Work to complete |
With pictures left out, retype the lines from the start of the records through the one that contains "Oficialii clubului din".
⁂
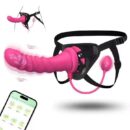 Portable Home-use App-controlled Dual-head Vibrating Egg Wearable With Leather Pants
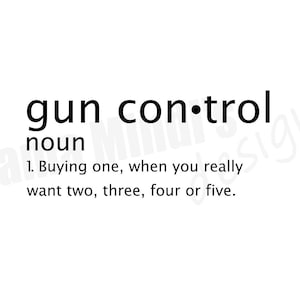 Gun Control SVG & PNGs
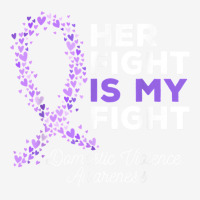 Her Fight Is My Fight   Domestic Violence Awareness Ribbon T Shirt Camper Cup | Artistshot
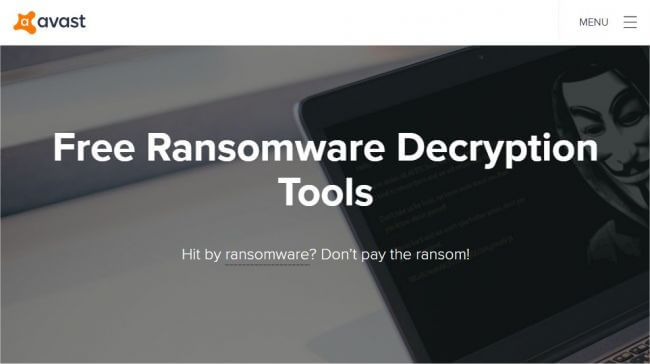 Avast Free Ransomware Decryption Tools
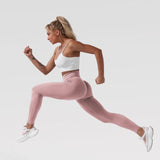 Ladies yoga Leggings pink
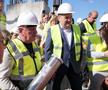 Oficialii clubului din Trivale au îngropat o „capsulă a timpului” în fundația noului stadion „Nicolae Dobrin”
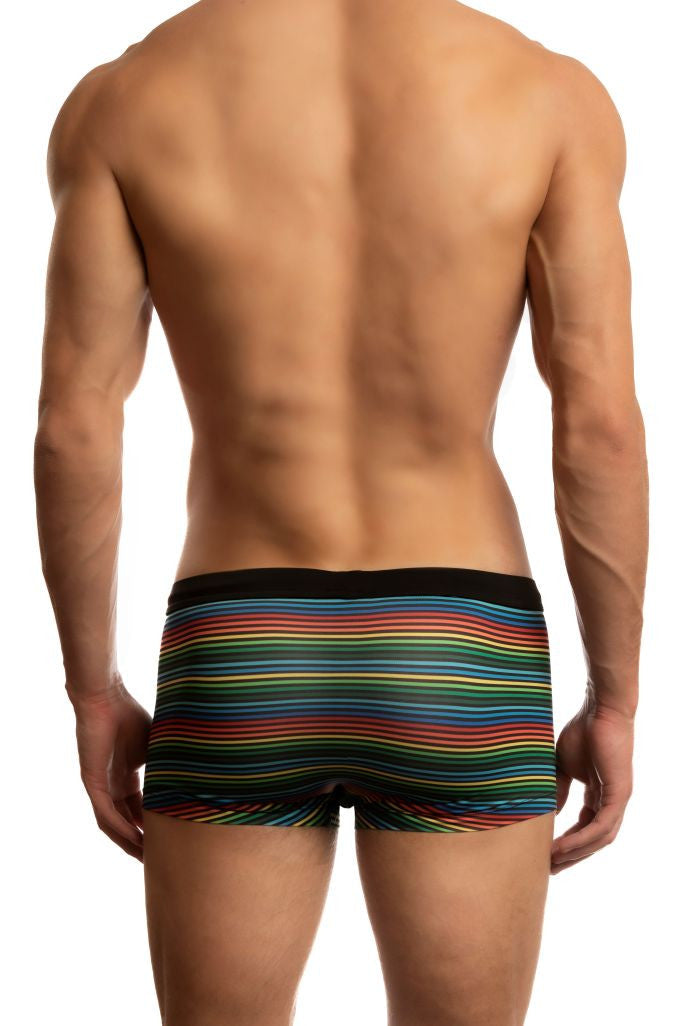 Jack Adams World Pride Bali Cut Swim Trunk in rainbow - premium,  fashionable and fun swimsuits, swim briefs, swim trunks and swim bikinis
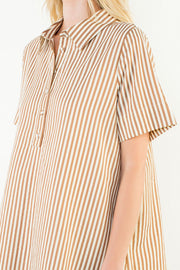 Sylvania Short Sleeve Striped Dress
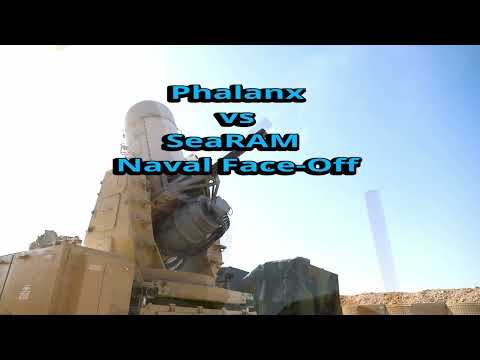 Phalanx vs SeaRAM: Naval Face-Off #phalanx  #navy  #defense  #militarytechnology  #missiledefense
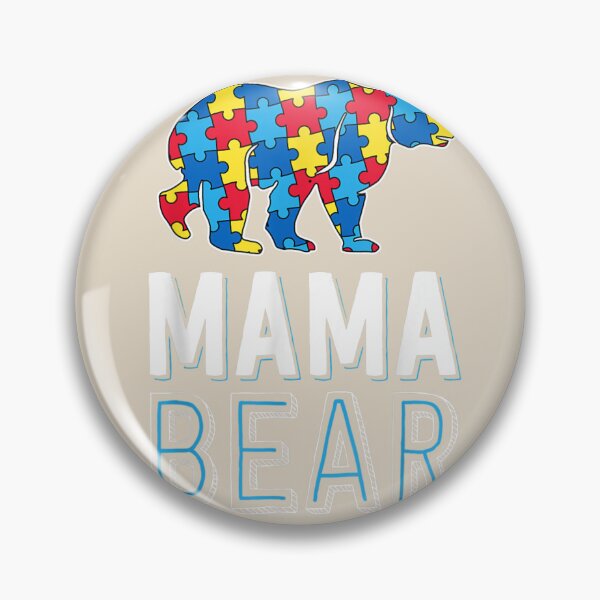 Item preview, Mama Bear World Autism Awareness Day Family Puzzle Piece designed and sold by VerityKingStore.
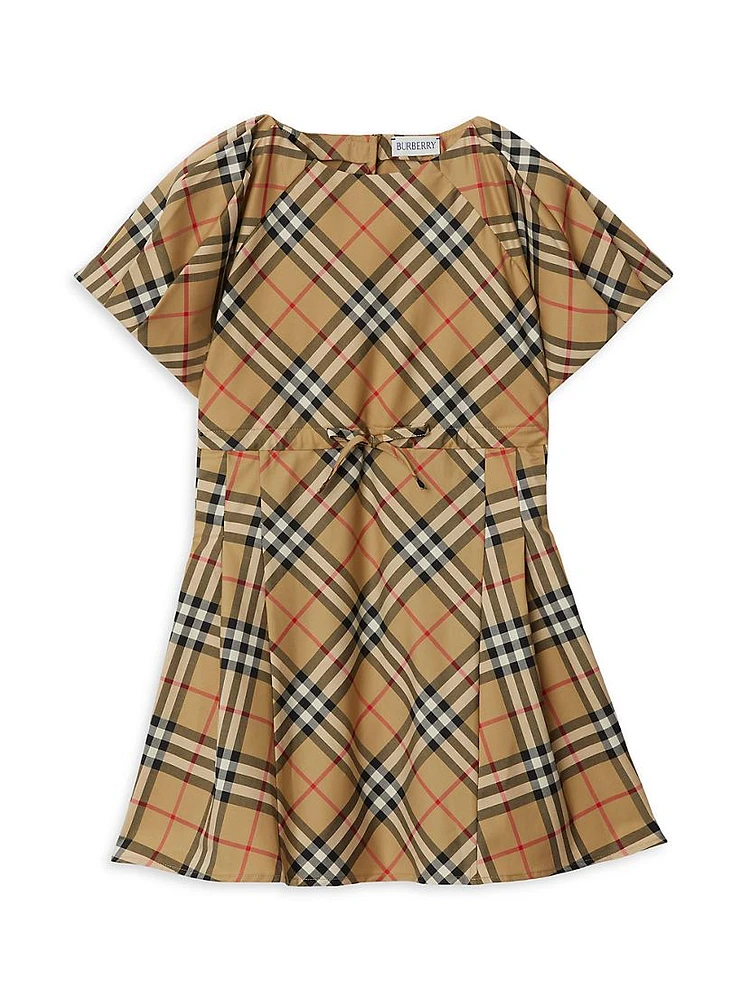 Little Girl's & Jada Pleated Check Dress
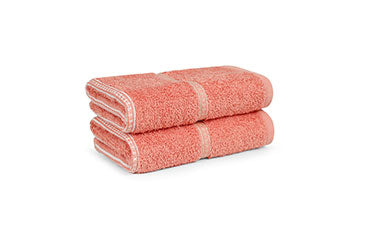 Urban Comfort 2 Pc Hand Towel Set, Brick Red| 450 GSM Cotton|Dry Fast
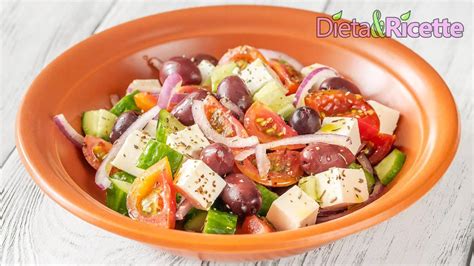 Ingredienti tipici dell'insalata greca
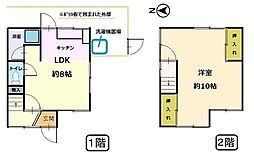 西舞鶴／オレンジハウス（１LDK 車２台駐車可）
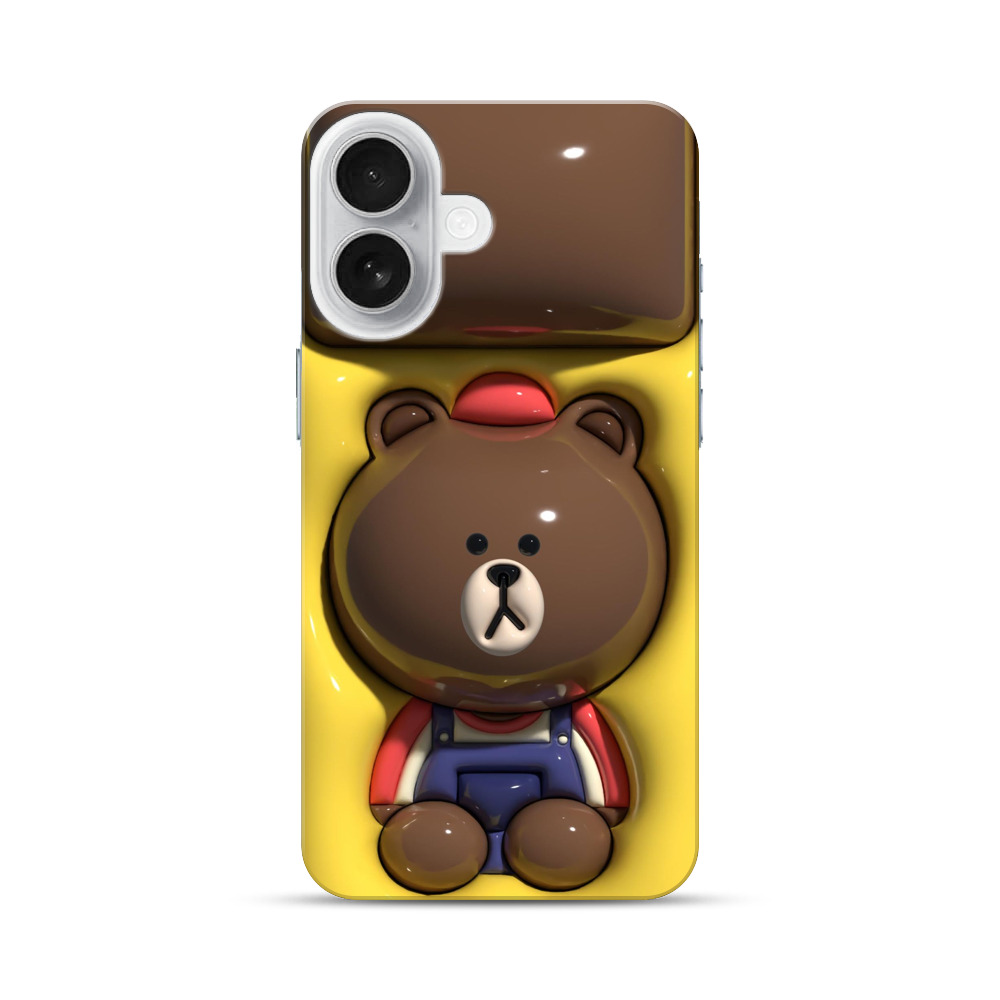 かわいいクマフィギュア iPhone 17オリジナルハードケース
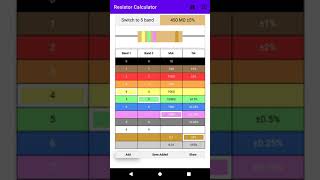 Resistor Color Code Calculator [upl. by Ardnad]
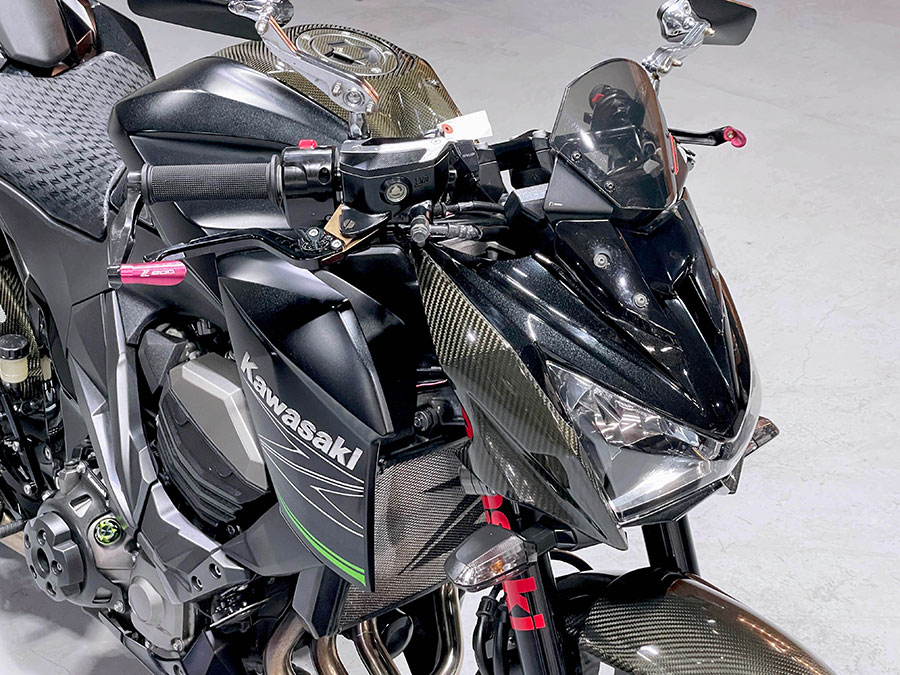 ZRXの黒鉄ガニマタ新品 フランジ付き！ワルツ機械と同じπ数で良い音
⁂
Answer section |
 Portable Home-use App-controlled Dual-head Vibrating Egg Wearable With Leather Pants
 Gun Control SVG & PNGs
 Her Fight Is My Fight   Domestic Violence Awareness Ribbon T Shirt Camper Cup | Artistshot
 Avast Free Ransomware Decryption Tools
 Ladies yoga Leggings pink
 Oficialii clubului din Trivale au îngropat o „capsulă a timpului” în fundația noului stadion „Nicolae Dobrin”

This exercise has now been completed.